In The Weight of Glory, C. S. Lewis made this observation about human nature:
Our desires are not too strong, but too weak. We are half-hearted creatures, fooling about with drink and sex and ambition when infinite joy is offered us, like an ignorant child who wants to go on making mud pies in a slum because he cannot imagine what is meant by the offer of a holiday at the sea. We are far too easily pleased.
Likewise, as we reflect upon our ambitions for our children’s education, it is more likely that we are shooting too low, not too high. High grades, dean’s list ribbons, and impressive transcripts are good and praiseworthy. We should encourage these and celebrate when they are earned. But we serve a God we are more likely to underestimate than to overestimate. He is a God who “is able to do far more abundantly than all that we ask or think, according to the power at work within us” (Ephesians 3:20).
Therefore, let me encourage you to pray without ceasing: to pray with Thomas à Kempis that our children would “know what is worth knowing” and “love what is worth loving.” Let us prompt our children and students to begin every day asking, with John Calvin, that “In whatever kind of study I engage,” God would “enable me to remember to keep its proper end in view, namely, to know you in Christ Jesus your Son.” And may we never stop praying, as did Paul, that our children would not only grow in knowledge but also grasp what it is that “surpasses knowledge,” that is, “to know the love of Christ.”
As I think about my own four children, as well as the juniors and seniors I teach, I would surely be gratified to see them achieve and impress according to the outward, measurable standards that the world has set when it defines what it means to be educated.

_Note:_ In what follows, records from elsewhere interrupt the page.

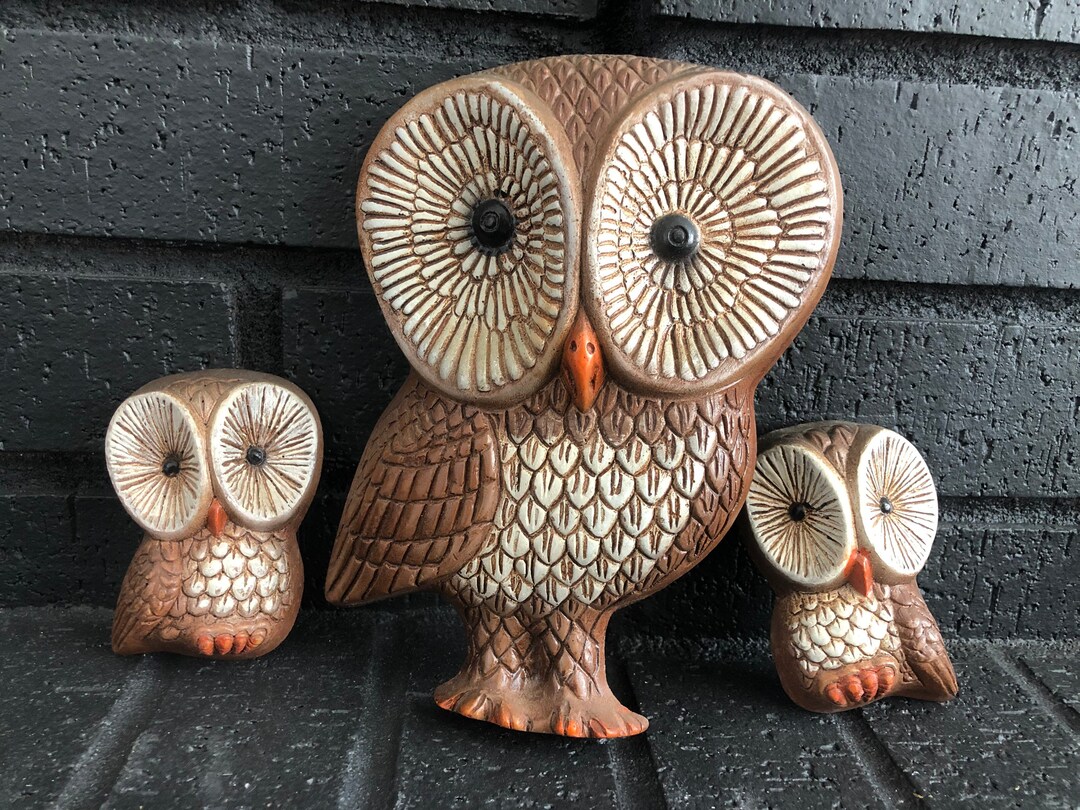 Vintage Kitsch Owl Family 3 Owls - Etsy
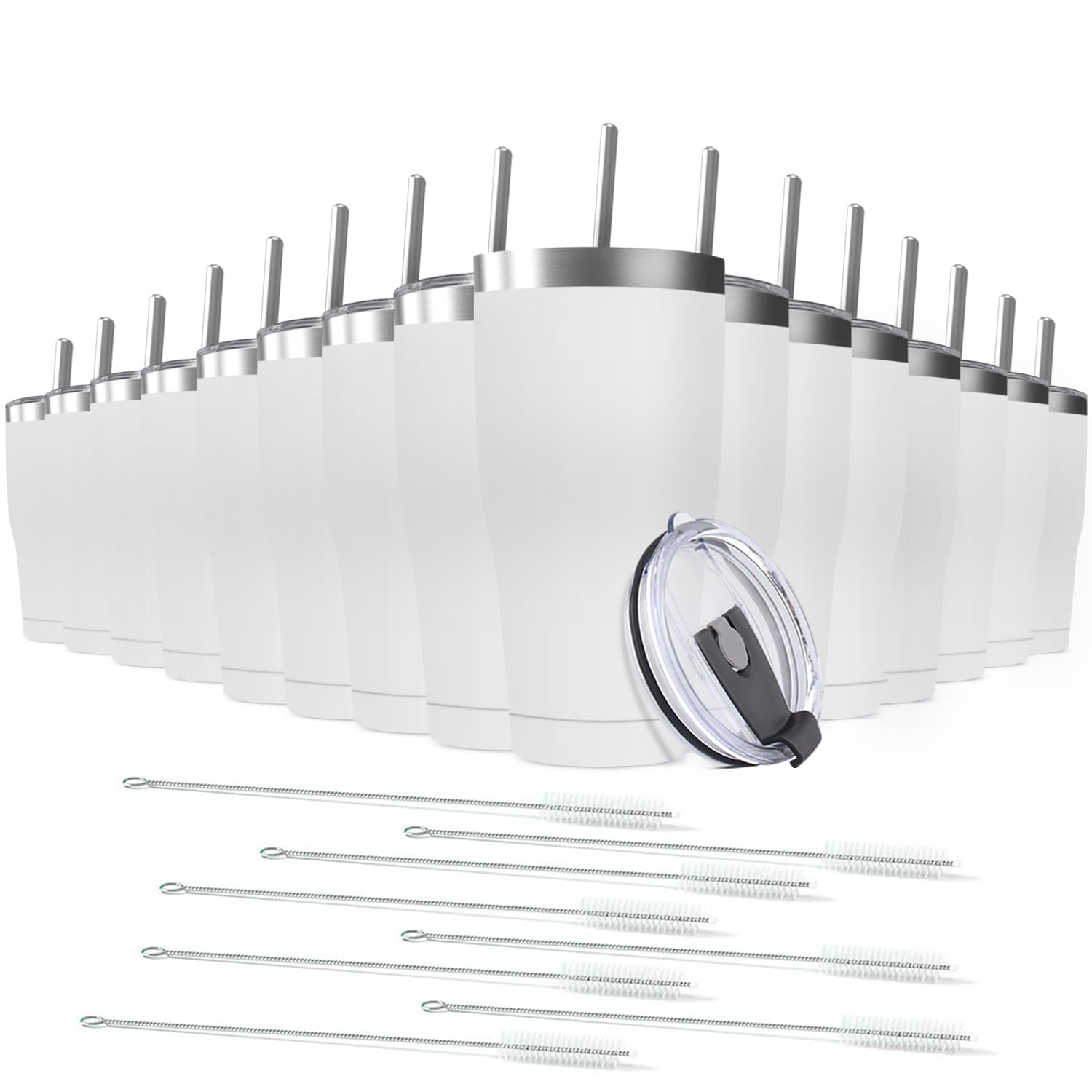 Paquete de 16 vasos de acero inoxidable de 20 onzas, tazas de viaje reutilizables con tapa, taza de café con recubrimiento en polvo de doble pared para el hogar, oficina, al aire libre,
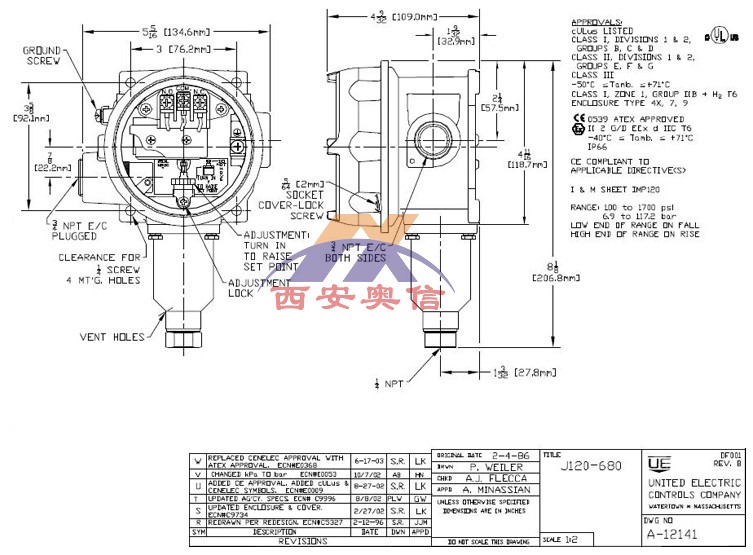 J120-680美国UE压力开关6.9-117.2bar防爆Exd压力开关  316不锈钢波纹管 1/4NPTF压力接口 调压范围6.9-117.2bar 死区0.6-2.8bar  耐压172.4bar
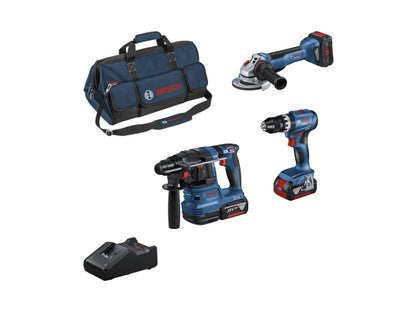 Bosch Professional Bosch 3 Tool kit GSB 18V-45+GWS 18V-10+GBH 18V-22+2x 5.0Ah+1x 5.5Ah+GAL 18-40 0.615.A50.04C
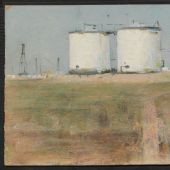 晨——海上油井NO.4 19.3x23.5 纸板油画 1976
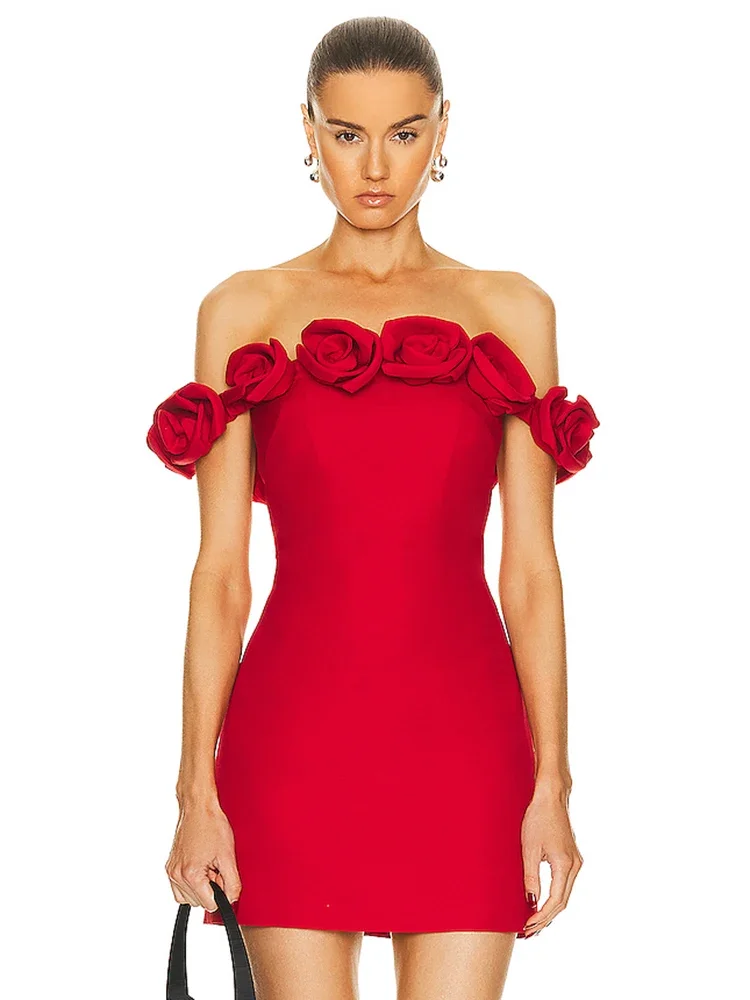 

Women'S Elegant Dresses Off Shoulder Patchwork 3D Rose Flower Beautiful Sleeveless High Waist Red Bandage Mini Dress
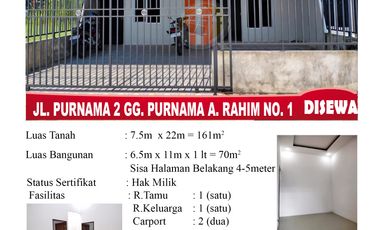 Rumah Jl. Purnama 2 Gg. Purnama A. Rahim No. 1 Rumah disewa murah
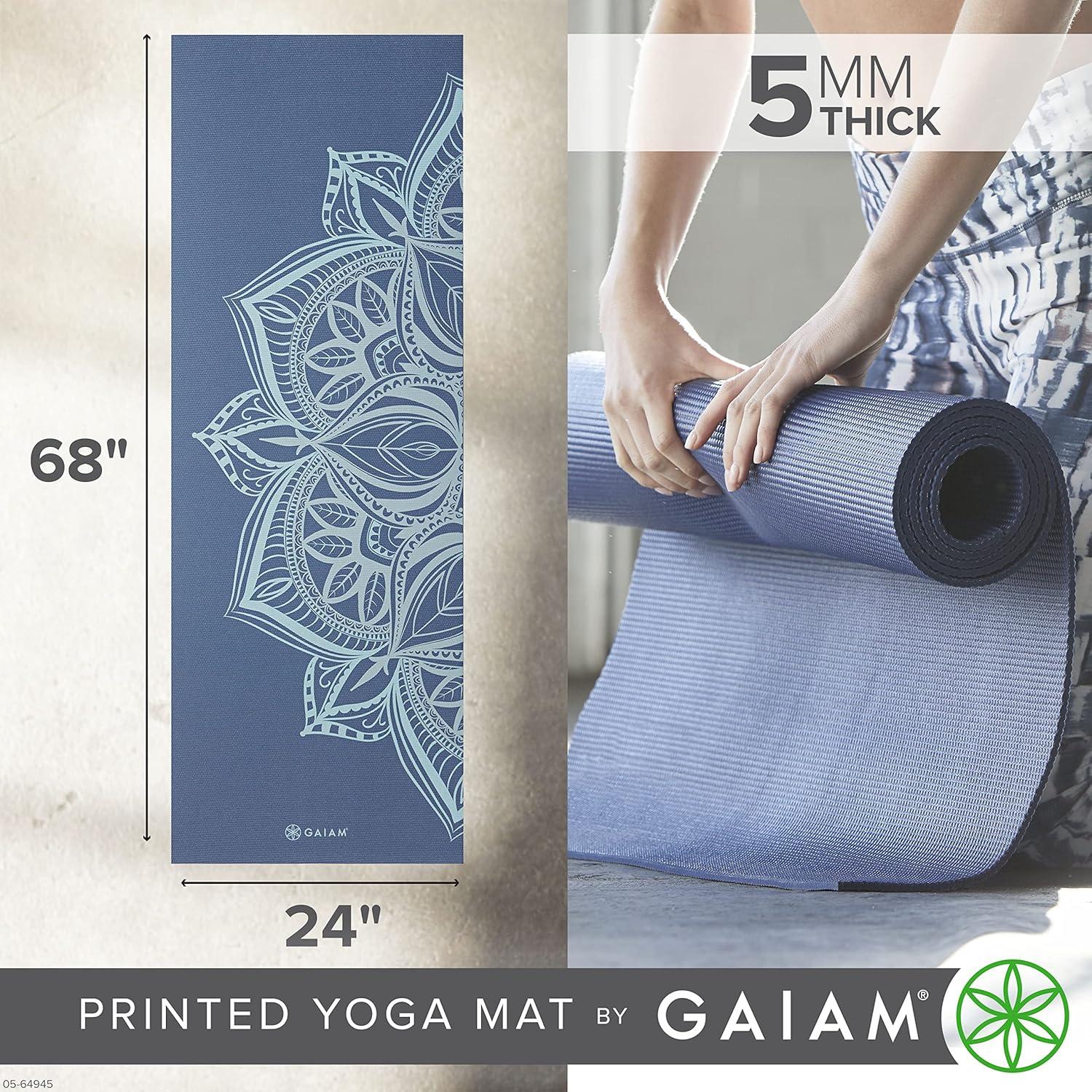 imageGaiam Yoga Mat Premium 5mm Print Thick Non Slip Exercise ampamp Fitness Mat for All Types of Yoga Pilates ampamp Floor Workouts 68quot x 24quot x 5mmHigh Tide Point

But even more so, I boldly pray that God would transform them on the inside: shaping their minds and hearts in his image, deepening their studies with a love for what is good, true, and beautiful, and accomplishing an extraordinary work in their lives which will not merely gain them admission to college, but will last for eternity.
“The greatest part of education is instilling in the young the desire to be good: a desire that sharpens and shapes their understanding, that motivates and sustains their curiosity, and that imbues their studies with transcendent value.”